But what about when she got closer to the truth? What then? What if he was the one she sought? Working her lips, biting at them, Jacey aimed a suspicious look at the gunslinger’s back. I’ve got to keep my eye on him, and at the same time, keep him away from me. And, yes, me away from him. Lordy, what am I going to do?
At that moment, Zant turned away from the river and called out to her, “You know what you should do?”
Jacey caught her breath. And let it out. He couldn’t read minds. “No, outlaw,” she called back, “what should I do?”
Without replying, he walked toward her, his muscled legs carrying him effortlessly up the sloping embankment. When he stood right in front of her, towering over her, looking down at her, Jacey realized she was breathless. She looked up, trying to see his eyes under that black hat of his. And caught herself returning his easy grin before she could think to guard against his charm. Instantly sobering, she fussed, “Well? What should I do?”
“For one thing, you should stop calling me outlaw and Chapelo and gunslinger. My name’s Zant. And two”—he pointed with his coffee cup to a point behind Jacey—“you should train some manners into that horse of yours.”
“My horse?” Jacey turned to see Knight’s ears laid back against his head as he showed his big teeth to Zant’s fine-boned roan stallion. She chuckled. “Knight doesn’t think much of that prissy ride of yours.”
“Prissy? You think Sangre is prissy?”
“Sangre? What’s that mean?”
“Blood.”
“You named that animal Blood?” She turned back to stare consideringly at the now-snorting, nostril-flared stallion as he responded to Knight’s bad manners. “Well, maybe old blood. He’s kinda rusty or coppery-colored. But nothing like reddish-orangy new blood.”

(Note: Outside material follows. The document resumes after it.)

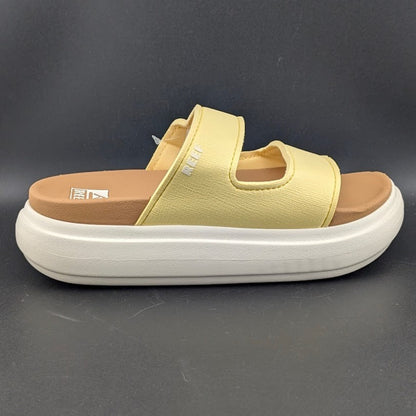 REEF Cushion Bondi 2 Bar Women’s Sizes 6-11 Platform Sandals Yellow Pale Banana Reef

She watched as Chapelo pinched his features into a prunish old-man grimace. She’d insulted him. He tossed his empty mug onto the ground by the campfire and stalked over to his stallion. For once, Jacey’s chuckling followed his red-faced retreat. Just maybe her own smart-mouthed, swaggering attitude—so much like his, come to think of it—would be the very thing that kept him at a distance.

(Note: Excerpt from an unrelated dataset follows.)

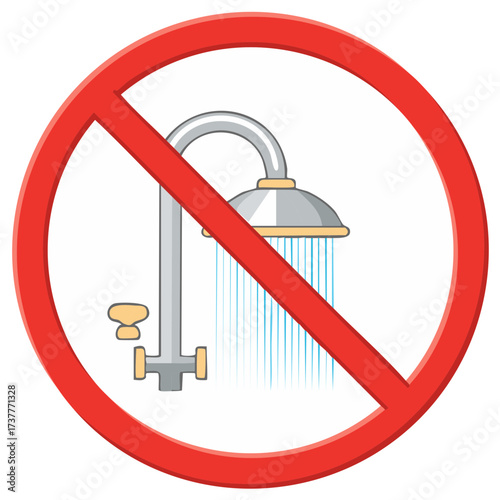 No Shower Symbol Meaning Stop Water Flowing from Showerhead and Faucet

She watched as the outla—no, Zant—as Zant untied Old Blood from his place next to Knight and restrung the stud’s lead rope to a piñon tree farther away. As he stomped back over to her, Jacey asked, “Is that all you wanted to tell me—about my horse not having any manners?”
“Hell, no, but what is wrong with that nag of yours?”
Jacey shrugged. “He’s been in a bad mood ever since I castrated him.”
A shocked and guttural sound came out of Zant’s open mouth. “You gelded that animal yourself?”
“Well, I had some help, holding him down and all. But, yeah, I did the honors. And with that same knife of mine I showed you on the way to Sonora. It’s still strapped to my leg. You wanna see it again?” Loving the look on Zant’s face as he shook his head no, a look that said he was just shy of crossing his hands in front of his own crotch, Jacey grinned up at him. “Now, what else were you going to tell me I should do?”
Zant began backing up. “Nothing. Not a damned thing.” He turned, grabbed up his bedroll, and took it with him to lay it and himself close to his stallion. And far away from her.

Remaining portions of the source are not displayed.